# Incubator substrate



## Fernando (Jun 29, 2011)

What are the different types of substrates that can be used in an incubator and/or what is your favorite?


----------



## murdocjunior (Jun 29, 2011)

I haveE SUCCESS WITH VERMICULITE WITH NO pesticides, i also hear people useinh hatch rite and purlite.


----------



## onarock (Jun 29, 2011)

Thats a queston with many answers Fernando. I have read about and talked to breeders that have used just about everythin under the sun. I use vermiculite. I tried Hatchrite, it worked as well as vermiculite, just cost more.


----------



## Fernando (Jun 29, 2011)

Can I get that at any local hardware store? Do you guys have pictures of your current setups? Paul I think you said you use something you built yourself? How's that coming along?


----------



## GBtortoises (Jun 30, 2011)

I have used vermiculite forever with pretty good success. The major complaint that I have with it is that it dries out too easily. This year after alot of research on the product I began trying Hatchrite. I've heard nothing but good about it. My own results remain to be seen, I have a bunch of eggs on it right now. The other product that I'm trying is called SuperHatch, which to me looks like it's going to turn out to be the clear winner, although again, the verdict is still out on it. Hatchrite is a one time use product. SuperHatch can be reused over and over. Hatchrite is supposedly "pre-moistented". SuperHatch you have to wet yourself, much like vermiculite. But with SuperHatch you can physically see when it's getting drier and add more water. You can't see that with Hatchrite. It's true vermiculite is the cheapest. Hatchrite and SuperHatch aren't really that much more. I look at the other two as a good investment in sucess.


----------



## stells (Jun 30, 2011)

I have always used Vermiculite too... and have always used it dry... without issues... with Horsfields and greeks..


----------



## onarock (Jun 30, 2011)

It works great Fernando. I built it out of necessity. I get alot of eggs. It got a tune up a couple of months ago when John (squamata) sent me a Johnson controller to replace my Ranco. 



FernandoM said:


> Can I get that at any local hardware store?

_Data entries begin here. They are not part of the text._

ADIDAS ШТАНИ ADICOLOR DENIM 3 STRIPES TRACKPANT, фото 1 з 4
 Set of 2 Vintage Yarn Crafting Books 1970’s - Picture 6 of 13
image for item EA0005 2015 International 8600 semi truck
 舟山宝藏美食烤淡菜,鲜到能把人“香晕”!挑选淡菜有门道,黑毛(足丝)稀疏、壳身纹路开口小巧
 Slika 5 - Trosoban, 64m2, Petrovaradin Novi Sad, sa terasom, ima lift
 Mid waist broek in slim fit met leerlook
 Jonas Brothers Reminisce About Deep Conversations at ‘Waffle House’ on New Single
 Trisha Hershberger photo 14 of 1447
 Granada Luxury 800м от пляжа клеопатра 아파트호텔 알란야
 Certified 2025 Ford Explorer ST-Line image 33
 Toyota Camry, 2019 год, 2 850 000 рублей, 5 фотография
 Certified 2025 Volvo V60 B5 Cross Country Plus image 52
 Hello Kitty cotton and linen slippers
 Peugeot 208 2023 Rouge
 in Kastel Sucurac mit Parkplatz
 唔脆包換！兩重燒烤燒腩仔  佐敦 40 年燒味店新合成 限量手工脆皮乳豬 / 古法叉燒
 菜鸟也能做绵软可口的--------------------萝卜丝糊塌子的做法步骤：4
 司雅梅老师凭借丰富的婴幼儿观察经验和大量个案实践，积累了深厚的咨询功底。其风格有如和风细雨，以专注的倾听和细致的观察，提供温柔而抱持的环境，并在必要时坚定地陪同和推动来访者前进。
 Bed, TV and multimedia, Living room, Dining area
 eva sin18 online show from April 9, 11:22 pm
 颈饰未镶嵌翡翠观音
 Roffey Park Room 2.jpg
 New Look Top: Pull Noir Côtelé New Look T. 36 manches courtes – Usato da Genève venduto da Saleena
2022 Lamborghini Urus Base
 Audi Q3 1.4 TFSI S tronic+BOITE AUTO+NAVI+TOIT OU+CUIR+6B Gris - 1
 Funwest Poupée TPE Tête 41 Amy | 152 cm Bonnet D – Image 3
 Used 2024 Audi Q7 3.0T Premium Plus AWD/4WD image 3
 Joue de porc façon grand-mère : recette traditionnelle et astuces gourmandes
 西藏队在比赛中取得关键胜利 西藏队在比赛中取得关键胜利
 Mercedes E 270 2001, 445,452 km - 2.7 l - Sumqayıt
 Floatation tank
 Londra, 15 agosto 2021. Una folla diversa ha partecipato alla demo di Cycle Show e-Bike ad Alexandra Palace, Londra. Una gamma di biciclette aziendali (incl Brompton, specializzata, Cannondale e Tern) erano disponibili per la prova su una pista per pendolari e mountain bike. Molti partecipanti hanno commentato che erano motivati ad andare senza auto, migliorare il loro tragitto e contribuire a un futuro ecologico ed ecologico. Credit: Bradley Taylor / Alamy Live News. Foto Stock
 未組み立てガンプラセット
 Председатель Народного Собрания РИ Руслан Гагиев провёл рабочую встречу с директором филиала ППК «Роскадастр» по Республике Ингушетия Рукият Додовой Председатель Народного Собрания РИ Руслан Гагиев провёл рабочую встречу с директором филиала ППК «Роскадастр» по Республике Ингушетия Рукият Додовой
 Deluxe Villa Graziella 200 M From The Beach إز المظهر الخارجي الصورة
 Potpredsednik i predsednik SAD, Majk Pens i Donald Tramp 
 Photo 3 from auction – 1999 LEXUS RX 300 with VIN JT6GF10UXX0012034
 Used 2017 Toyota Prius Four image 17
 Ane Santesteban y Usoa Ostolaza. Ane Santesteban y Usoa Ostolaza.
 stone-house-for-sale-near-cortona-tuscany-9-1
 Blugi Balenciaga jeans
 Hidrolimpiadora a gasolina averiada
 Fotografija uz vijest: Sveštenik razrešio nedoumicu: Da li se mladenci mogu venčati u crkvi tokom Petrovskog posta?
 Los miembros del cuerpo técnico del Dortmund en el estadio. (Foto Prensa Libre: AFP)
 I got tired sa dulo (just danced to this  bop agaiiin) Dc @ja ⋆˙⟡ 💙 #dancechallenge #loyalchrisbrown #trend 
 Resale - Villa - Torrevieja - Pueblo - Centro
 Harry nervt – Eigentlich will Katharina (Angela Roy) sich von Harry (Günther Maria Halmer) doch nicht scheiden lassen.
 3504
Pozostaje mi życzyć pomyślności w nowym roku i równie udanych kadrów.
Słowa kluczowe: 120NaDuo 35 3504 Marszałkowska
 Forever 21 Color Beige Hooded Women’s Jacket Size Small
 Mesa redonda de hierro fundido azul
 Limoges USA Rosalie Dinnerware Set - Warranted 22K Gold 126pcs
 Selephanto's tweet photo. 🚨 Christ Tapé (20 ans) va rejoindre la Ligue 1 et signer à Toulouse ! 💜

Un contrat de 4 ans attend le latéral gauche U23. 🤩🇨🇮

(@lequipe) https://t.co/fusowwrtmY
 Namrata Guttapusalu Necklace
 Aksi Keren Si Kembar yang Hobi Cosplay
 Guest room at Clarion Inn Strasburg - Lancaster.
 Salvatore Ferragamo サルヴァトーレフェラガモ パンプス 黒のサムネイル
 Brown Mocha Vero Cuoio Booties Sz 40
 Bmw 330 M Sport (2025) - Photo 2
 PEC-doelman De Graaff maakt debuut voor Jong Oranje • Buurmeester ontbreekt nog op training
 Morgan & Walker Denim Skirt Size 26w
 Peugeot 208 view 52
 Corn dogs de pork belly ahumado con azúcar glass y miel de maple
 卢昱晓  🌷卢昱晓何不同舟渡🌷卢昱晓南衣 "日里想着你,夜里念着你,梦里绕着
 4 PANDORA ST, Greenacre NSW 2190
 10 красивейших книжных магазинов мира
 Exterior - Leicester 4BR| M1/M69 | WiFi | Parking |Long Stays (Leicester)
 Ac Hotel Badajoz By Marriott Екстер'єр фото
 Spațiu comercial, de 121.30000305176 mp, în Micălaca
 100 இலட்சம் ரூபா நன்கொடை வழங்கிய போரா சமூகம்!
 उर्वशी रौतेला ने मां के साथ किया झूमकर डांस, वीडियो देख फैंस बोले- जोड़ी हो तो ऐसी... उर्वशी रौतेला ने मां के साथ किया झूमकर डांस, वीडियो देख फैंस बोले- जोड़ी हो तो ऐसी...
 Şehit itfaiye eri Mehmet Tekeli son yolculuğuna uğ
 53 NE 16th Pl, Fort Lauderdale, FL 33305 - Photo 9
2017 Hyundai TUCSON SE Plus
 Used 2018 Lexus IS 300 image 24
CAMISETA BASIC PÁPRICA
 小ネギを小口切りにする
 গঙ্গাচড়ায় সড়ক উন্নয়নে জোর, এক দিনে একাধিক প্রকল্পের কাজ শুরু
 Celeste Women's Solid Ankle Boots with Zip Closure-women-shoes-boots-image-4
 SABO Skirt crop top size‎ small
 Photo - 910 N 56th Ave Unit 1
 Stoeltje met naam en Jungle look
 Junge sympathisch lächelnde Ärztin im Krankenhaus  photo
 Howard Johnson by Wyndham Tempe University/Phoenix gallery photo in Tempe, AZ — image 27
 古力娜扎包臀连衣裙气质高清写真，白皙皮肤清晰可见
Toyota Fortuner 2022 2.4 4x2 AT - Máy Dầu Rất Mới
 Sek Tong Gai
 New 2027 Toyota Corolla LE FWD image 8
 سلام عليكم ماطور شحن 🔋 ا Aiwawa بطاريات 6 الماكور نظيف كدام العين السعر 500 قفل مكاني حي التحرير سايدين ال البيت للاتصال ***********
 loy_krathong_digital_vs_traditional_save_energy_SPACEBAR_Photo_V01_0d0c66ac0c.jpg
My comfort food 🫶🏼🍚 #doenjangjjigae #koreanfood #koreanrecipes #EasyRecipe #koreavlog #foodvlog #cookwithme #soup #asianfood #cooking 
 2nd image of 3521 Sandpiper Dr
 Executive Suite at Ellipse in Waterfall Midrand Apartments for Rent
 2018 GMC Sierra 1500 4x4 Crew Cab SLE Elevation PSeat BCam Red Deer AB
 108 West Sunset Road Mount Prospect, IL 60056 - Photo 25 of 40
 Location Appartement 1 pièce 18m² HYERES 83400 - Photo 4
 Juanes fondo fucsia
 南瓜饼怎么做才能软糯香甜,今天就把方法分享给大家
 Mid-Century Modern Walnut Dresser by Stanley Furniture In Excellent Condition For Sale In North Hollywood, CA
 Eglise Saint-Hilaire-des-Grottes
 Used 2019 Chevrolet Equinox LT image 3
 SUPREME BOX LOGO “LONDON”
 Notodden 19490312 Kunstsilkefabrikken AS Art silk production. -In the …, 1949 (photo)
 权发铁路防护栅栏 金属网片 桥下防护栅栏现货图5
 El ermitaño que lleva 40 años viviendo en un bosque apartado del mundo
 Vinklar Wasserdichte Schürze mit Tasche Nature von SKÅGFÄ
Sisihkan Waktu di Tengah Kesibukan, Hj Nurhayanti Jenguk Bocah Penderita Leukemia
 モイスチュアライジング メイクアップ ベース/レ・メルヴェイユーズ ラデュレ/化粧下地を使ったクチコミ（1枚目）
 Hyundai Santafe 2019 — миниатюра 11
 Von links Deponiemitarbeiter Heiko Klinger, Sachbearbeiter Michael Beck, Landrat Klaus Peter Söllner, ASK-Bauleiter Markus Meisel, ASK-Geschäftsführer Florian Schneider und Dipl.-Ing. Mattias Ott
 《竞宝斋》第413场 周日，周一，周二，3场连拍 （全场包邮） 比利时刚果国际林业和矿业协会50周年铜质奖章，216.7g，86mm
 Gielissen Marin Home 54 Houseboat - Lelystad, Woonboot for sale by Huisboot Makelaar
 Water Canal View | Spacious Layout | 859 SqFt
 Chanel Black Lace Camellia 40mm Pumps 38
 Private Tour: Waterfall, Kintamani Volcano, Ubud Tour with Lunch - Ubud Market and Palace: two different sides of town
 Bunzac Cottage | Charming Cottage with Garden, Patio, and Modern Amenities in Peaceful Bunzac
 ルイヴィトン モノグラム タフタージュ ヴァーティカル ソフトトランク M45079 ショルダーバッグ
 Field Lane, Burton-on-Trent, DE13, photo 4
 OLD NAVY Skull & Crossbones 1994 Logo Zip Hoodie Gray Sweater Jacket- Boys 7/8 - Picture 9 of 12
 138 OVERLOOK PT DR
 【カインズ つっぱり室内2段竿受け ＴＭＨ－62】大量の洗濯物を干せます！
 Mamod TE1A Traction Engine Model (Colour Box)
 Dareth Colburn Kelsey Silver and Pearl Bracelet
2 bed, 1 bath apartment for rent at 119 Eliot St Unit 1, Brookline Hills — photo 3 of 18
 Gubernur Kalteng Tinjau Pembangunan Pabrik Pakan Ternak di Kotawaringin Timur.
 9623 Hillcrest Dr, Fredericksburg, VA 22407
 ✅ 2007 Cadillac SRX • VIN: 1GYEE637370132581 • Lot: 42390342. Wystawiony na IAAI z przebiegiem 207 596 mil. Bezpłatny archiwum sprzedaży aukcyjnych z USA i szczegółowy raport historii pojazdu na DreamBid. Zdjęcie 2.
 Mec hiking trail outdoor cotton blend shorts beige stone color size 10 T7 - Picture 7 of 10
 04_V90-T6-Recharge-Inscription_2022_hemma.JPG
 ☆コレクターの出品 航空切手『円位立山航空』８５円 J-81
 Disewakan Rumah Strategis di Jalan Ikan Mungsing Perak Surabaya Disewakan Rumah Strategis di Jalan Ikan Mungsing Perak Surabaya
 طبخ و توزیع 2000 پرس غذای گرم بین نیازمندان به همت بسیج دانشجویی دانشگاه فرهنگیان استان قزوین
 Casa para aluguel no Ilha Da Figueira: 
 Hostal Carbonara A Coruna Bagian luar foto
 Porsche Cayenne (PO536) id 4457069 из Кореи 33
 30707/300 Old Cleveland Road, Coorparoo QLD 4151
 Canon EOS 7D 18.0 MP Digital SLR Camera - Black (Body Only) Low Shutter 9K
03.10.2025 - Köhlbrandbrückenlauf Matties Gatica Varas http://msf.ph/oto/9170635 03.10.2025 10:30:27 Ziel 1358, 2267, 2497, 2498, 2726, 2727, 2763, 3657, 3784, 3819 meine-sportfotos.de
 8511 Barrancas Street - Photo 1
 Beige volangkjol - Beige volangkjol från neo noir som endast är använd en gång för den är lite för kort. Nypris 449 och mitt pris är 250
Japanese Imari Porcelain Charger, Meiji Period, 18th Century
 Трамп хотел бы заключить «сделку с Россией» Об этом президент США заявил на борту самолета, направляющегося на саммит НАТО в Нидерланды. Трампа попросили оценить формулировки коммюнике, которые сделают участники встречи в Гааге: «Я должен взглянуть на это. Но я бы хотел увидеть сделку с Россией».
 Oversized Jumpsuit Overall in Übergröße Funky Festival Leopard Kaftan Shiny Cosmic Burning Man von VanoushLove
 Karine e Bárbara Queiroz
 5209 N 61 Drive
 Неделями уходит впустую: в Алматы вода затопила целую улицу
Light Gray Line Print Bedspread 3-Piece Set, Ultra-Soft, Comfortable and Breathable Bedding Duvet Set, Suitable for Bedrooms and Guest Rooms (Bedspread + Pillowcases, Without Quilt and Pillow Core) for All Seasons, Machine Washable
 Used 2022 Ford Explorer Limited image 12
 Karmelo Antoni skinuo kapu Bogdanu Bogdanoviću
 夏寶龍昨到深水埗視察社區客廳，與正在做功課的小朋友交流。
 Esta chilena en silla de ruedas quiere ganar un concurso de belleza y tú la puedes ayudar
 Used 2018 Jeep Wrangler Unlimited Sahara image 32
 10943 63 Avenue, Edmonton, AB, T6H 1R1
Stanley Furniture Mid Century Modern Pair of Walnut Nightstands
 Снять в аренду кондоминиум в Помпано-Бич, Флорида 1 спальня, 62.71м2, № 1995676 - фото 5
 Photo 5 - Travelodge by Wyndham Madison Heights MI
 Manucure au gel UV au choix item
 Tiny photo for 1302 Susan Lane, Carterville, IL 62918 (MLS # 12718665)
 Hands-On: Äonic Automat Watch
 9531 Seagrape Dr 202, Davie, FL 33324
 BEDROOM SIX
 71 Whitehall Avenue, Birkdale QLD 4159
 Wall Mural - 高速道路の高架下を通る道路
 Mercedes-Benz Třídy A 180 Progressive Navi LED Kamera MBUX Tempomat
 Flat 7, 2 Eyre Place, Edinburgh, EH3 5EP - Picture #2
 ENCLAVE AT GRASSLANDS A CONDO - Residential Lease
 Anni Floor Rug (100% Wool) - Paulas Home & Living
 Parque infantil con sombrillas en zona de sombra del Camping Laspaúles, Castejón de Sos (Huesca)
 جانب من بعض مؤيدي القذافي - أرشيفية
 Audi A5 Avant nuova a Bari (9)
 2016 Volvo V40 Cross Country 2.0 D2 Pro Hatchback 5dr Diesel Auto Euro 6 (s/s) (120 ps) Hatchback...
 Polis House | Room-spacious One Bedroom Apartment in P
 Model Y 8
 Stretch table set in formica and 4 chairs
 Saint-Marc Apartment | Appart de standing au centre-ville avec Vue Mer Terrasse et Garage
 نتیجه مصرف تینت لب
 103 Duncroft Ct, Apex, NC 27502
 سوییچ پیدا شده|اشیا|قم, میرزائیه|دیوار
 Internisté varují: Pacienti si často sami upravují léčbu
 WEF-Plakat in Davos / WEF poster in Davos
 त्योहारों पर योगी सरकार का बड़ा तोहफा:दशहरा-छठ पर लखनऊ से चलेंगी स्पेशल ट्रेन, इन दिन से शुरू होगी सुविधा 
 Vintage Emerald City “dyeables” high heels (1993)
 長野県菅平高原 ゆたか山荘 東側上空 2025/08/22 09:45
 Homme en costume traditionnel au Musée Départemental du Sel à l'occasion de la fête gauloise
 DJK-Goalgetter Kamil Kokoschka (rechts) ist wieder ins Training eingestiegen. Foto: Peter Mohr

Do you guys have pictures of your current setups? Paul I think you said you use something you built yourself? How's that coming along?


----------



## egyptiandan (Jul 1, 2011)

With most tortoise eggs your just trying to keep them from rolling, so almost anything will work. I've used soil, shredded aspen and vermiculite all with the same hatch rate. Other people I know have used perlite and sand. I've even heard of someone using nests of rubber bands to sit the eggs in. 

Danny


----------



## Fernando (Jul 1, 2011)

Wow. Very interesting. Thanks guys!


----------



## matt41gb (Jul 1, 2011)

I really like New Zealand sphagnum moss. It's really thick moss that retains a lot of moisture, plus it keeps for a long time. I don't think I'd use anything else. 












-Matt


----------